The structure developed a crack in July of 2005 at the 52-acre Ronald J Duke Lake in Ryerson State Park, and was later completely drained by the state’s Department of Conservation and Natural Resources. It still remains dry, according to local newspaper the Herald-Standard.
Earlier this year, the group filed suit with the county court against Consol, claiming the operator is at fault for the damage. Both its Enlow Fork and Bailey mines are active in the area, and the coal being produced from a longwall face is likely the root, the group told the paper.
“We notified Consol that we intend to sue them in relation to the situation at Ryerson Station State Park,” DCNR press secretary Christina Novak said. However, because of the pending litigation, no information is being publicly released.
“We are in discussions with the DCNR on their action to give us a notice to sue," said Consol public relations director Joe Cerenzia.
“We are in discussion with them over the situation at Duke Lake and Ryerson Station State Park [and] a potential resolution based on whatever evidence they present to us.”
Neither party was able to report to the Herald-Standard if the cause of the damage has been determined.
James Kleissler, executive director of the Washington-based Center for Coalfield Justice, said a lawsuit is not a good reason to withhold the information.
“There's no real benefit in withholding it from the public,” Kleissler said. “Releasing it to the public would not prevent the DCNR from proceeding with litigation against Consol. It would have to give up its discovery in litigation anyway."
The groups seeking further information are frustrated with its non-disclosure, but more so that the DCNR and Consol are in talks to discuss a solution.

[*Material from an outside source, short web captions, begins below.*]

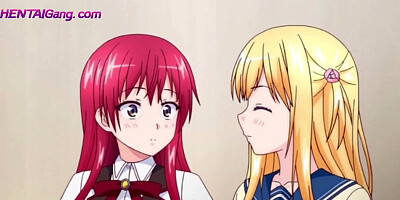 Dearest Blue Ep.1 EXCLUSIVE HENTAI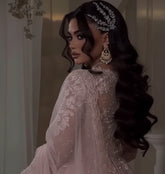 Headpiece Bridal 290 (2 pieces)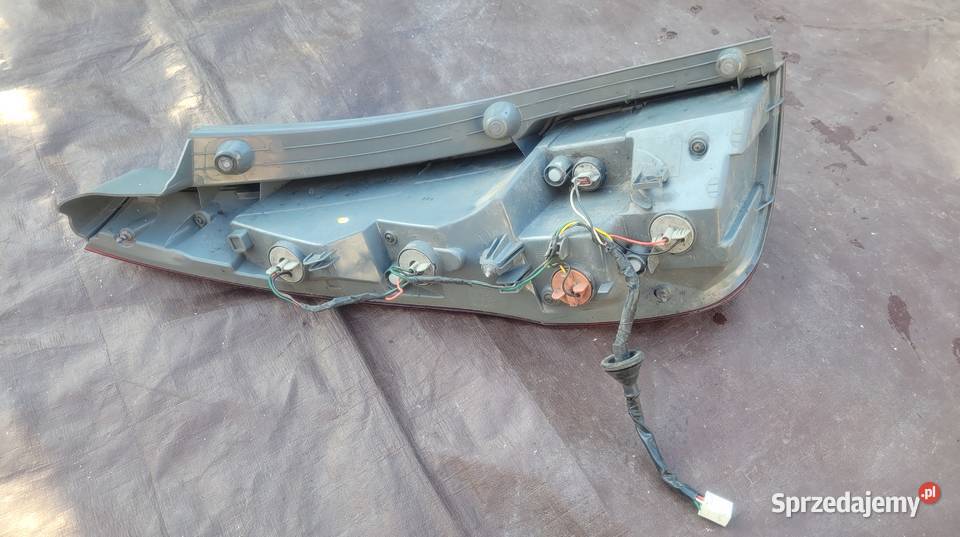 HYUNDAI I30 I CW KOMBI LAMPA TYLNA PRAWA Ruda Śląska sprzedam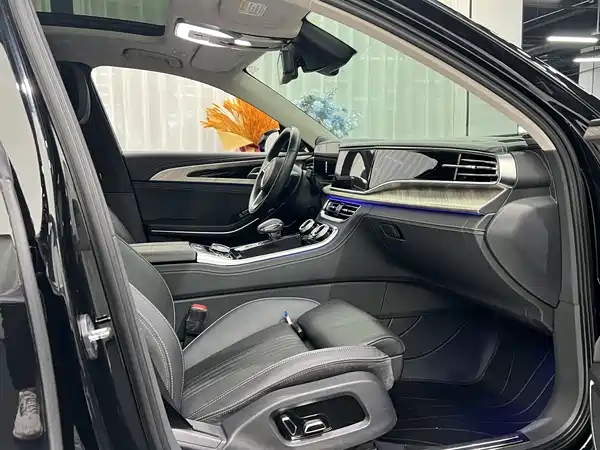 Hongqi H9 2021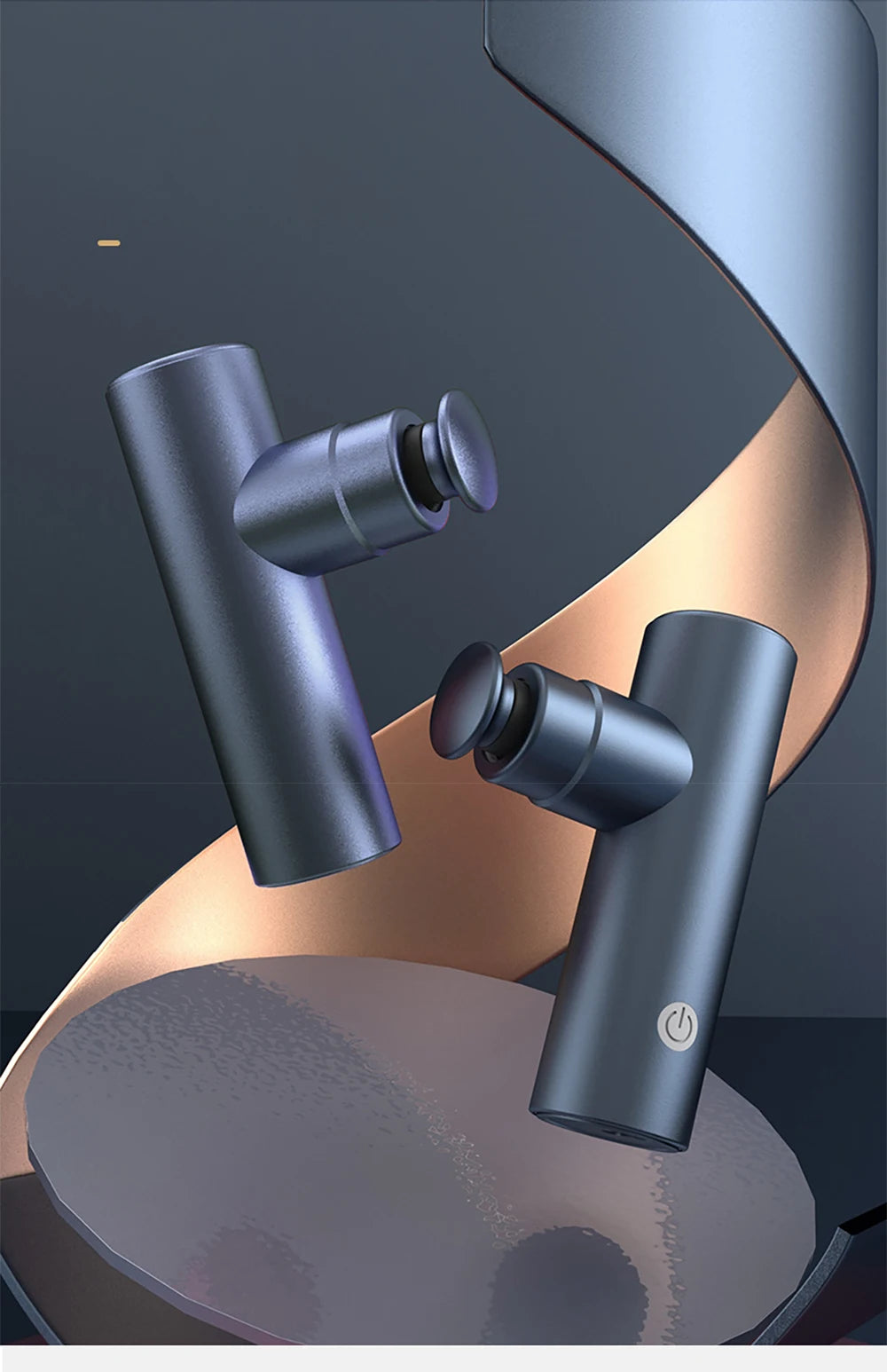 Mini Electric Muscle Massage Gun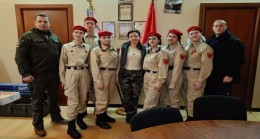 “Birleşik Rusya” Donbass Gençlik Ordusu üyeleri için St. Petersburg’a gezi düzenledi
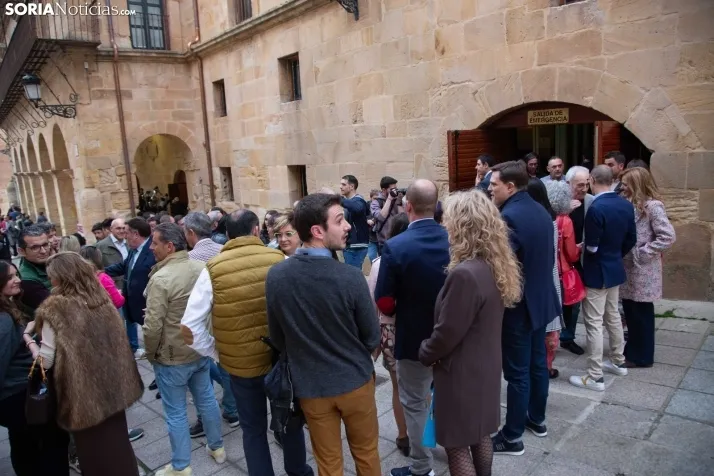 Sorteo de jurados de San Juan 2024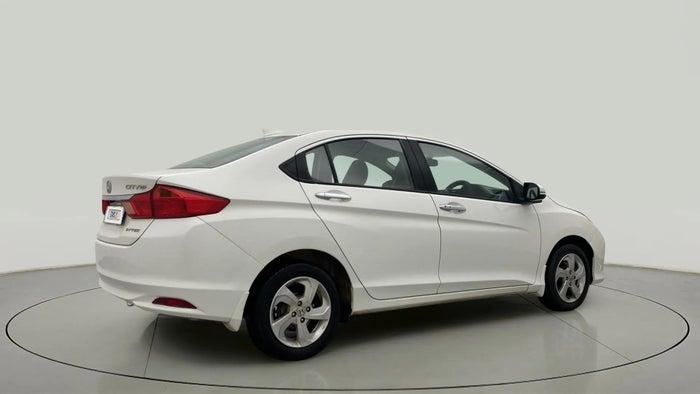 2016 Honda City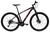 Bicicleta Aro 29 Bike Ksw 21 Marchas Alumínio Freio A Disco Preto, Ver, Laranja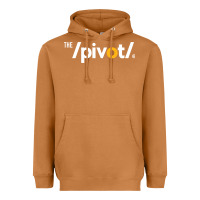 Meerkat The Pivot Podcast Heavyweight Hoodie - ArtChic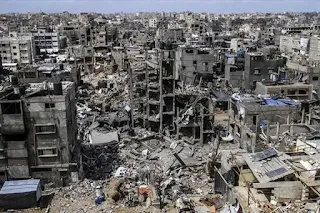 Bahrain backs emergency Arab summit on Trump's Gaza move proposal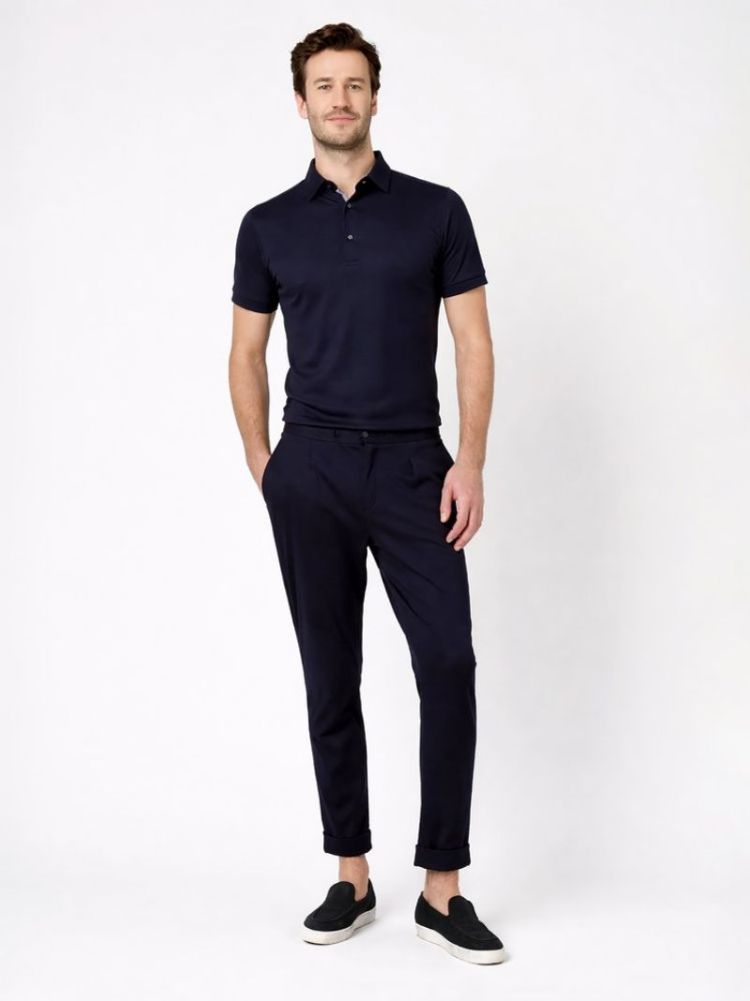 92937 UNI JERS 558 NAVY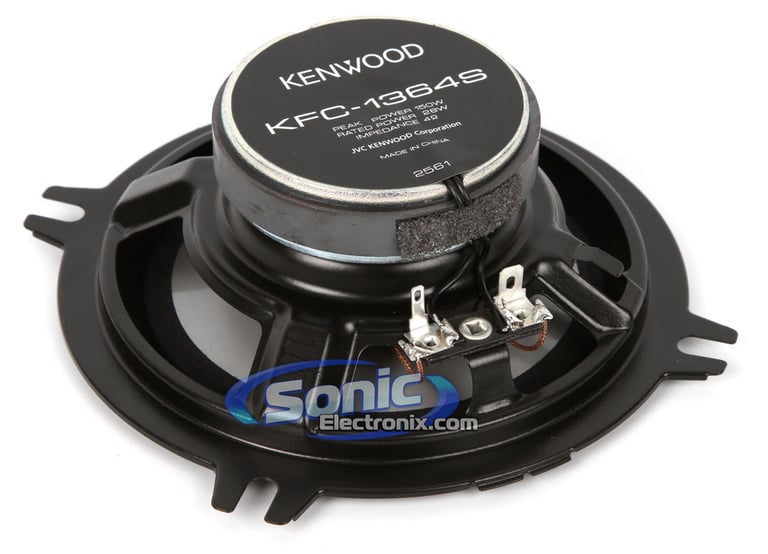 Kenwood KFC-1364S Image 6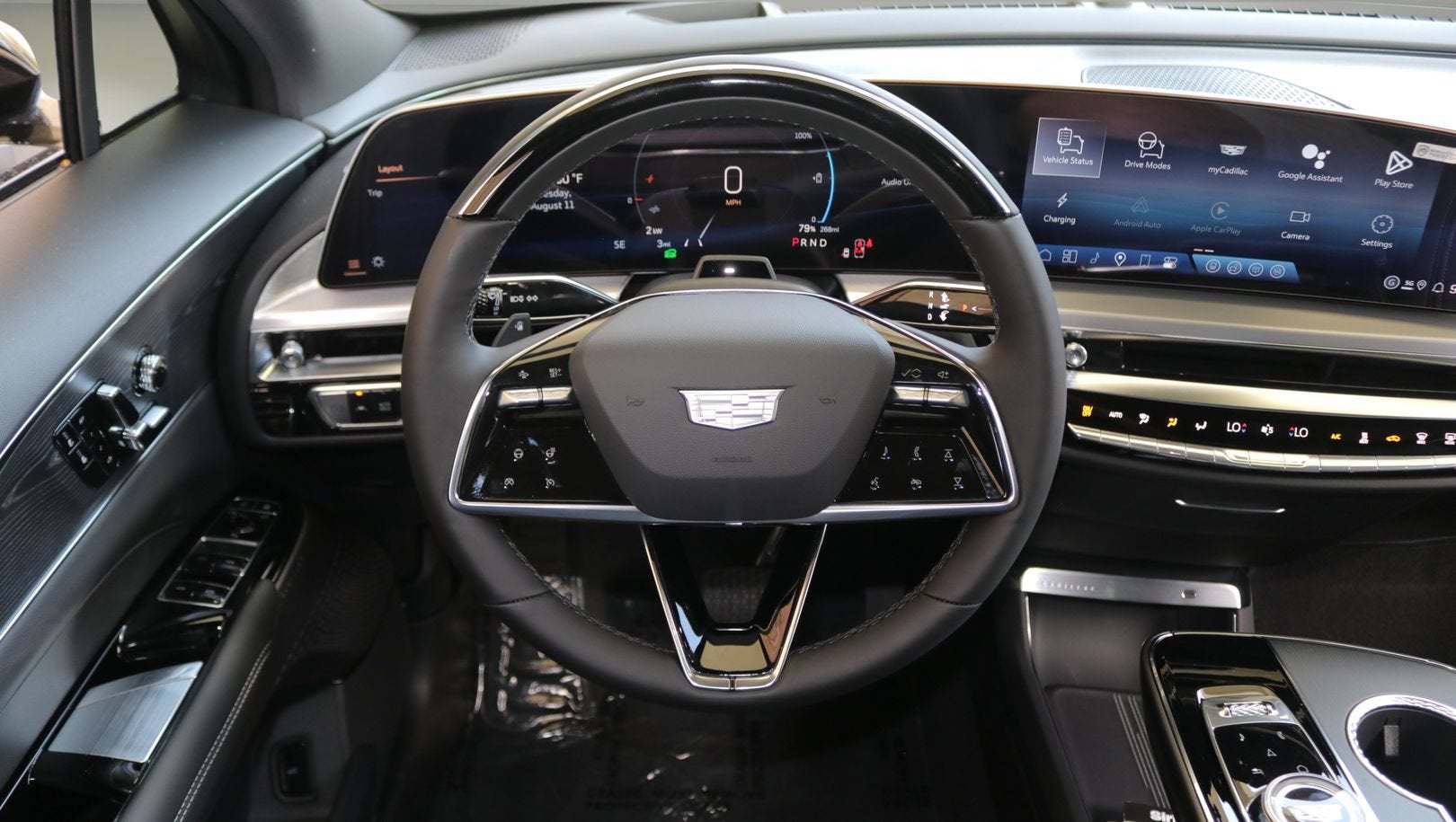 2026 Cadillac LYRIQ Luxury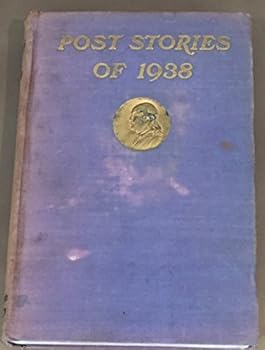 Hardcover Post Stories of 1938 Book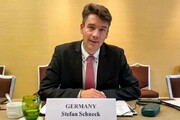 درخواست آلمان برای تسهیل ارسال کمک‌ها به شمال سوریه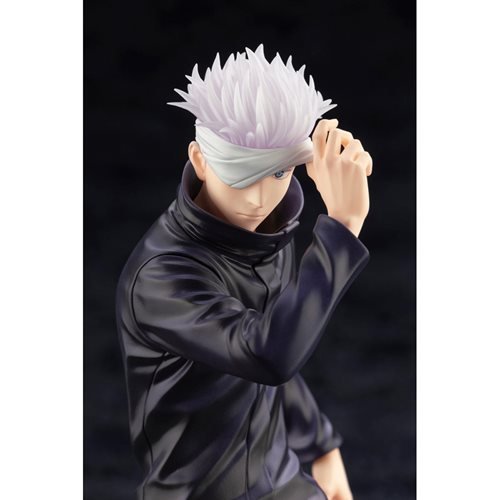 Kotobukiya  Jujutsu Kaisen 0: The Movie Satoru Gojo ARTFX J 1:8 Scale Statue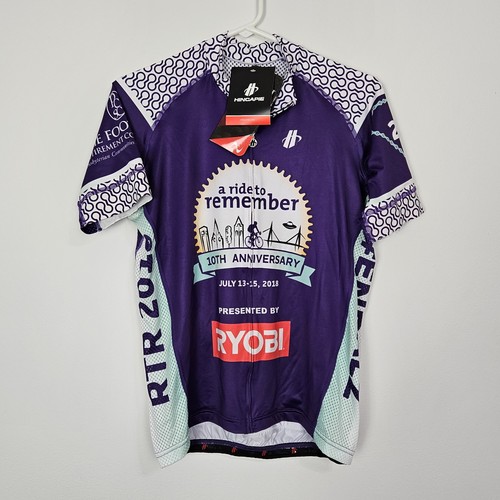 Maglia ciclismo hincapie - ciclismo,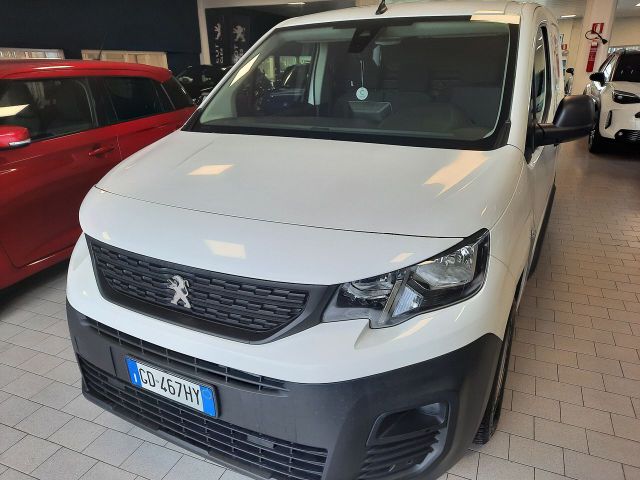 Peugeot Partner BlueHDi 100 S&S PC Furgone Premi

“Pennsylvania's public land agencies are charged with serving the public good, not the private desires of coal corporations,” Center for Coalfield Justice board member Phil Coleman told the news outlet.
“Entering private negotiations with Consol Coal before fulfilling the DCNR's responsibility to inform the public undermines the public trust [in] our State Government.”
Mountain Watershed Association executive director Bev Braverman added: “The loss of the public asset of Duke Lake was not the result of coincidence. The DCNR has compiled a report, but has entered into private negotiations with the coal corporation while keeping their findings hidden from public view.”